Skip to main content

delete_rows

Function delete_rows 

Source
pub async fn delete_rows(
    catalog: Arc<dyn CatalogProvider>,
    store: Arc<dyn Store>,
    table: &TableIdent,
    file_path: &str,
    row_ids: &[u32],
) -> AilakeResult<()>
Expand description

Logically delete rows from a V3 AI-Lake table using Iceberg Deletion Vectors.

§What this does

  1. Verifies the table is format-version=3 (DVs require V3).
  2. Reads the current file list from the catalog.
  3. Finds file_path in the snapshot (exact match or suffix match for tables where the catalog prefixes absolute paths).
  4. Merges row_ids into the existing DV bitmap for that file (or creates a new one if the file has no DV yet).
  5. Writes a new Puffin .dvd file to {table_location}/metadata/dv-{snap_id}.dvd.
  6. Commits a Replace snapshot so all readers see the updated DV immediately.
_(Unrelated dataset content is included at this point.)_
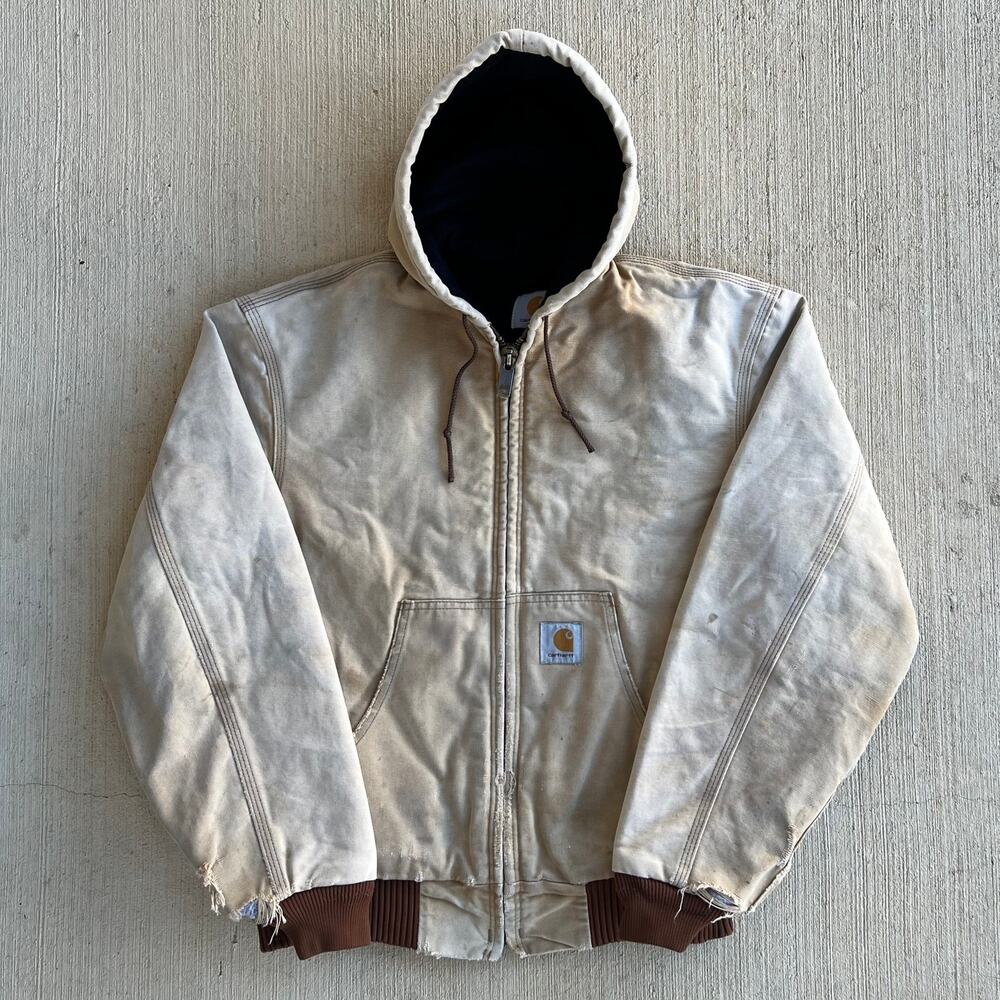 Carhartt brown hooded work wear jacket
After the call, scanner.rs (Phase B) will automatically exclude the deleted rows from HNSW and flat-scan results. The data file is not modified.

§Arguments

  • catalog — catalog for manifest reads and snapshot commits.
  • store — object store for Puffin file I/O.
  • table — fully-qualified table identifier (namespace.name).
  • file_path — path of the data file whose rows are being deleted. May be a relative path (e.g. "data/part-00001.parquet") or an absolute path as returned by catalog.list_files(). Suffix matching is applied.
  • row_ids — 0-based row positions to delete (within the data file).

§Errors

  • InvalidArgument if the table is format-version < 3.
  • Catalog if the table has no current snapshot or file_path is not found.